Let’s face it: Traditional IPO communications can be a big challenge for PR pros to successfully manage. Not only must they take advantage of a moment-in-time news event to maximize publicity for the company and its public offering—while supporting the aftermarket—they must also avoid running afoul of a very long list of regulatory “don’ts.”
For starters, think “quiet period.”
Enter the Reg A+ IPO. This novel pathway to a public offering, introduced as part of the Jumpstart Our Business Startups Act of 2012, known as the JOBS Act, enables companies meeting certain criteria to raise up to $50 million from both Wall Street and Main Street investors —and market shares directly to the public without nearly as many regulatory hurdles.
Few companies to date have executed successful Reg A+ IPOs—but more are aiming to try. This will create new opportunities for PR and digital strategists to add value to the capital-raising process by designing and executing communications campaigns that would otherwise be verboten under the securities laws governing traditional IPOs.
Here are four aspects of Reg A+ IPO campaigns that PR and digital strategy professionals should consider when contemplating a potential assignment:
Devoted fans go a long way
Companies with dedicated fans or strong brand recognition in the marketplace have a distinct advantage when it comes to Reg A+ IPOs.

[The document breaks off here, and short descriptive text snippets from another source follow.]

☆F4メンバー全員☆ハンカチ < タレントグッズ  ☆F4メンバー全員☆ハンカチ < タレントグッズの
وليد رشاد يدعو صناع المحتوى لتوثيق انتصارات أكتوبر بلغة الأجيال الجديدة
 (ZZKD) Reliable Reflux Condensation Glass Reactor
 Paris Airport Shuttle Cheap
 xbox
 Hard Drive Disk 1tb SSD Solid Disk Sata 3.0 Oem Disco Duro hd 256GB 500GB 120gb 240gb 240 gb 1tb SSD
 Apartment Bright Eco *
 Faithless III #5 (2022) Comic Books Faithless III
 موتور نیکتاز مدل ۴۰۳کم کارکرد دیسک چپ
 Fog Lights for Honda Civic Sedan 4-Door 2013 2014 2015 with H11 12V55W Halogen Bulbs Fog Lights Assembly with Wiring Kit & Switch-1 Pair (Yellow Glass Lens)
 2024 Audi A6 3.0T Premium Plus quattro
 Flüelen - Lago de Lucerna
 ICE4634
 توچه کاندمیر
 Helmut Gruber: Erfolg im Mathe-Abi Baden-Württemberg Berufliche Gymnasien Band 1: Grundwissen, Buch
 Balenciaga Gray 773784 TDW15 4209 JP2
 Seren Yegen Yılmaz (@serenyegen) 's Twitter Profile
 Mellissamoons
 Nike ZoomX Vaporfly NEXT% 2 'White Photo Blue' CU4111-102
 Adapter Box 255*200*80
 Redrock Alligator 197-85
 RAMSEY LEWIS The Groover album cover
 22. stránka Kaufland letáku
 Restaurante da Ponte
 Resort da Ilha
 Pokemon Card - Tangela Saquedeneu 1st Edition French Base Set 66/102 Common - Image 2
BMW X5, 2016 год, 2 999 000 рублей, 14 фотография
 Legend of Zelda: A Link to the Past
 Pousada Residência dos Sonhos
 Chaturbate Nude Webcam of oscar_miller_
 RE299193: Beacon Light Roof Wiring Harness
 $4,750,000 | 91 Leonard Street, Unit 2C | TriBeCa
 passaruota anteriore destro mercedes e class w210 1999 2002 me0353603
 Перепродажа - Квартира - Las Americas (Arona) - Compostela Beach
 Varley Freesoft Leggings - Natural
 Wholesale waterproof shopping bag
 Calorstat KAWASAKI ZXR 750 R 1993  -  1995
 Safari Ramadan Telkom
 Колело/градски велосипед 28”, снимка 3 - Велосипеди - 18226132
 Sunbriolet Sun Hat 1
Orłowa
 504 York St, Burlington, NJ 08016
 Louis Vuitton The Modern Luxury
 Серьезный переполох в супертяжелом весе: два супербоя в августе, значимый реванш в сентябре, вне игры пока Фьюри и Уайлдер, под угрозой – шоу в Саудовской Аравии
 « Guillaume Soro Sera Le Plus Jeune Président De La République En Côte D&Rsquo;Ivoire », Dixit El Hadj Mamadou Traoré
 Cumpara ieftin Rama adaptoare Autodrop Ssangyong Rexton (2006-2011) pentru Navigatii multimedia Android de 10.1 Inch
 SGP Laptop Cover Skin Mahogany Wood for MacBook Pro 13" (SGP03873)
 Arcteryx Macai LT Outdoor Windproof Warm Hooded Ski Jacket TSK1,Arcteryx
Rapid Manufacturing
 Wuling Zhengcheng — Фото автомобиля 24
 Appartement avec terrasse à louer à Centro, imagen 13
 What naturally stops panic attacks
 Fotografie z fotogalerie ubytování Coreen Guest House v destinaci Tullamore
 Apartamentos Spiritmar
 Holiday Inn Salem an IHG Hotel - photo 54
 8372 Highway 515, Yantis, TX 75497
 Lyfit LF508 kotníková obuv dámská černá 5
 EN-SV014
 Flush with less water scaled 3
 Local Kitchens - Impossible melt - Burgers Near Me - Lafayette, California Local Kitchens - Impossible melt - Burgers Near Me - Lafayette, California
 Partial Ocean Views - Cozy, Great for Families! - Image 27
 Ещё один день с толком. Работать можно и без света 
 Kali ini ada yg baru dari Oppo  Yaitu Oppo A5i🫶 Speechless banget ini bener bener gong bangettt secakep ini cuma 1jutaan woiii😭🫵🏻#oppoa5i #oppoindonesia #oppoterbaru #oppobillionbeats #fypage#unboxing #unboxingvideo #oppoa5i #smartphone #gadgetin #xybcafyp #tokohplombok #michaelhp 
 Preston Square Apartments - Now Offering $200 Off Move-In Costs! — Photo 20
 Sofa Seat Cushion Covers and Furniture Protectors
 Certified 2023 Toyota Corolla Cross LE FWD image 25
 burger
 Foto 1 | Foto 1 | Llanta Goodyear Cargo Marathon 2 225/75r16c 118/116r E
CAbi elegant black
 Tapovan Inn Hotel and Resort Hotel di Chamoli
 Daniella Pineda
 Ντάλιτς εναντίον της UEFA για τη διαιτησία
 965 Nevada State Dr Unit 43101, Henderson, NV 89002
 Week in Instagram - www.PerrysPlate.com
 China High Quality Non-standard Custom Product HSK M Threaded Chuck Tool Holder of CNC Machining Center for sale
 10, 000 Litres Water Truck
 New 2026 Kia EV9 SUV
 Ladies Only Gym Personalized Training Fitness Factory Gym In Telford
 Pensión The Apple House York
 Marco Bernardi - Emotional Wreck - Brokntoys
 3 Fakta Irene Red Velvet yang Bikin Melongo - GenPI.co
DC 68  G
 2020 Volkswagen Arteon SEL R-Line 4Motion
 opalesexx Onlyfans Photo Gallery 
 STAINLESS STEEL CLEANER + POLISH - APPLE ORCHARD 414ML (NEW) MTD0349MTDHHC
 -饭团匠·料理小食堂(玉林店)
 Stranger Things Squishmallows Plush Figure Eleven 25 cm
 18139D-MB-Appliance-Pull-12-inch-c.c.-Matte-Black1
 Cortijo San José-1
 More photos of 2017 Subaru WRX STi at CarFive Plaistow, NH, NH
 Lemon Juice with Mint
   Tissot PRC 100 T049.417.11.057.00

A case in point is Chicken Soup for the Soul Entertainment, which in August became the first company to reach the Nasdaq Global Market through the Reg A+ pathway, raising a record $30 million.
Parent company Chicken Soup for the Soul took its entertainment division public with a unique advantage: it has an iconic and beloved brand, with nearly two million followers on Facebook, 65,000 on Instagram and 24,000 on Twitter. No wonder other consumer-facing brands such as Fat Brands, parent company of the more than 160 Fatburger restaurants, and Bobby’s Burger Palace, are now seeking to follow suit.
Education is essential
Even if prospective shareholders are attracted to the company and its investment proposition, the concept of a Regulation A+ IPO is not well understood. Campaigns must therefore include an educational component. A media relations campaign can introduce the company and elevate key investor messages while educating target audiences about how Reg A+ IPOs work.
A social media campaign can target fans of the brand or people whose interests align with the company’s mission, driving them to a consumer-friendly landing page that spells out the investment opportunity and explains how the Reg A+ process works. DSTLD, which is seeking to disrupt the $200 billion fast fashion market and is the first fashion brand to use Reg A+, has featured educational messaging prominently in its investor-facing campaigns. The headline in a recent ad in GQ magazine: “Why should only rich people and venture capital firms be allowed to invest in start-ups?”
Site visits are not the same as conversions
Getting people to click a Facebook ad or visit a landing page is one thing. Convincing them to buy stock is another. That’s why it’s essential to target and test multiple audiences using detailed demographic and interest profiling. Pixel targeting can help you understand which campaigns are driving the best conversion rates.
And testing different conversion objectives may also make sense—for example, passing leads to a brokerage firm that can make telephone calls to prospective investors might yield a higher conversion rate than sending interested individuals into a self-service online brokerage experience that involves multiple steps and may be difficult for individuals to complete on their own.
Plan for an integrated campaign
Putting the “public” back in public offerings is perhaps the most exciting element of Reg A+ IPO campaigns. After all, never before has a company been allowed to ask fans and followers via social media to buy stock in the company. But communications pros need to think bigger and broader than social media to run a successful campaign.
As with any public relations program, generating a steady stream of positive media coverage is essential to build the brand, alerting the investing public and ultimately executing a successful Reg A+ IPO. Attracting institutional investor interest, in addition to individual investors, is an important outcome, so it’s imperative that the communications program makes a strong and succinct case to brokers, bankers and other professionals who can influence the outcome of the IPO.